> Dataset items
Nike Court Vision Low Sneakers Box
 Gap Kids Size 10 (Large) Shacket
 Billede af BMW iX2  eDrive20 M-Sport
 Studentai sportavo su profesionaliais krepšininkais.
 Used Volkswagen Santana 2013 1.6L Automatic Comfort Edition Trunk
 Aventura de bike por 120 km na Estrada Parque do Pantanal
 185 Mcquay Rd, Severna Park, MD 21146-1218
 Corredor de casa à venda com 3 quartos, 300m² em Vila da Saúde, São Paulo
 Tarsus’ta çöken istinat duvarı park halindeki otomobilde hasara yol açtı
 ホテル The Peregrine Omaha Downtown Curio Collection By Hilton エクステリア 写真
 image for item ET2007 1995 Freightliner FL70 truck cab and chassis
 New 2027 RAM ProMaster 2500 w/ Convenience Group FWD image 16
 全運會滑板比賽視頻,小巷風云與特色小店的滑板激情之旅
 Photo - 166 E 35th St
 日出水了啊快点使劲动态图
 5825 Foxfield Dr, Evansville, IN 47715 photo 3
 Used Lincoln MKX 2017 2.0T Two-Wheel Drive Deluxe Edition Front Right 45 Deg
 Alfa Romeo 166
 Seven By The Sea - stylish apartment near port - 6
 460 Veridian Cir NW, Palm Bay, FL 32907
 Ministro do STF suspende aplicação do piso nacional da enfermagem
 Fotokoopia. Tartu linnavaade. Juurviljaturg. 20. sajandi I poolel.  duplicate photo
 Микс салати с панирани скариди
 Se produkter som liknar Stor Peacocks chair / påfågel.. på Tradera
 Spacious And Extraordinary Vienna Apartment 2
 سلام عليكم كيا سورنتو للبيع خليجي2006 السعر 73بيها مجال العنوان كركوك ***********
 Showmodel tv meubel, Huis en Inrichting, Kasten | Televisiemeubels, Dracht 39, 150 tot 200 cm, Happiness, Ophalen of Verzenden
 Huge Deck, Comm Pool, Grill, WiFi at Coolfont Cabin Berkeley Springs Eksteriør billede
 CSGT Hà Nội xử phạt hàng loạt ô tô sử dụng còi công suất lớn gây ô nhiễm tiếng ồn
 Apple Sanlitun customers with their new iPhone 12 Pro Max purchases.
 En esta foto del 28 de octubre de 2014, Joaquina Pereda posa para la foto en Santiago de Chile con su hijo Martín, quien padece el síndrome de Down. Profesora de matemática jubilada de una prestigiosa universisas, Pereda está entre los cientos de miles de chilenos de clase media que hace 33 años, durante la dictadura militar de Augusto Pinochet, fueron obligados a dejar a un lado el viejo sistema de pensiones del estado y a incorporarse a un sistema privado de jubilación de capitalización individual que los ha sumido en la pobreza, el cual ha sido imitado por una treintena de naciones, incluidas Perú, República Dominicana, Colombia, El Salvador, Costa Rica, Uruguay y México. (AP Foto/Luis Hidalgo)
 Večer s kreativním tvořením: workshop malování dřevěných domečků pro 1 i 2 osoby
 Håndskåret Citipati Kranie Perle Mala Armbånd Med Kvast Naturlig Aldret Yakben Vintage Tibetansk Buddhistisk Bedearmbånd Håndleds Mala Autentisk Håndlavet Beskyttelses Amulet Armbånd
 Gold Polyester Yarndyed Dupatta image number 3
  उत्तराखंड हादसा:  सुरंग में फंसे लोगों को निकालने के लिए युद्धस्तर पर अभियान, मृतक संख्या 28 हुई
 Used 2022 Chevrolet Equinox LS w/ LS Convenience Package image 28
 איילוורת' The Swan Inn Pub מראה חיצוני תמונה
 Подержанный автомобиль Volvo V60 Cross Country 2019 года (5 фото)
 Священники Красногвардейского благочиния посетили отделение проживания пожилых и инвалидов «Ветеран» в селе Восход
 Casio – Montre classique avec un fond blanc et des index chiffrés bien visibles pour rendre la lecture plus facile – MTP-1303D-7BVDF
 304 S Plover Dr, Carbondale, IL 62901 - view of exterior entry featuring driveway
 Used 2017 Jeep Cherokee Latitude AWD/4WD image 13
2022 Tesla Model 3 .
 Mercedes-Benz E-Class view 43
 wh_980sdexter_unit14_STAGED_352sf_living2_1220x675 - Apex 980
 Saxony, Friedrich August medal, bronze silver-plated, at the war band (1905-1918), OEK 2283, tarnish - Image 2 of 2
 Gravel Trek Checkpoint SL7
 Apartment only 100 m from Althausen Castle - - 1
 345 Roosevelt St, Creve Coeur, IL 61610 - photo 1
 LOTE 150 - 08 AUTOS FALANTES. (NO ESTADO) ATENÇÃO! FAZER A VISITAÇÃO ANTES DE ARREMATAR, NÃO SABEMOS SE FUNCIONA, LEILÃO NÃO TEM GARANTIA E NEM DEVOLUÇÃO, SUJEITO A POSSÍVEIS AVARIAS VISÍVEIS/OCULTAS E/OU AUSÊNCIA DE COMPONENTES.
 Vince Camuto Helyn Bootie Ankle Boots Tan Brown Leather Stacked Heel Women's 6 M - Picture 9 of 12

> Task description
Determine the number of lines in the data above that include the word "Convenience", then answer with that number alone.

> Exercise solution
2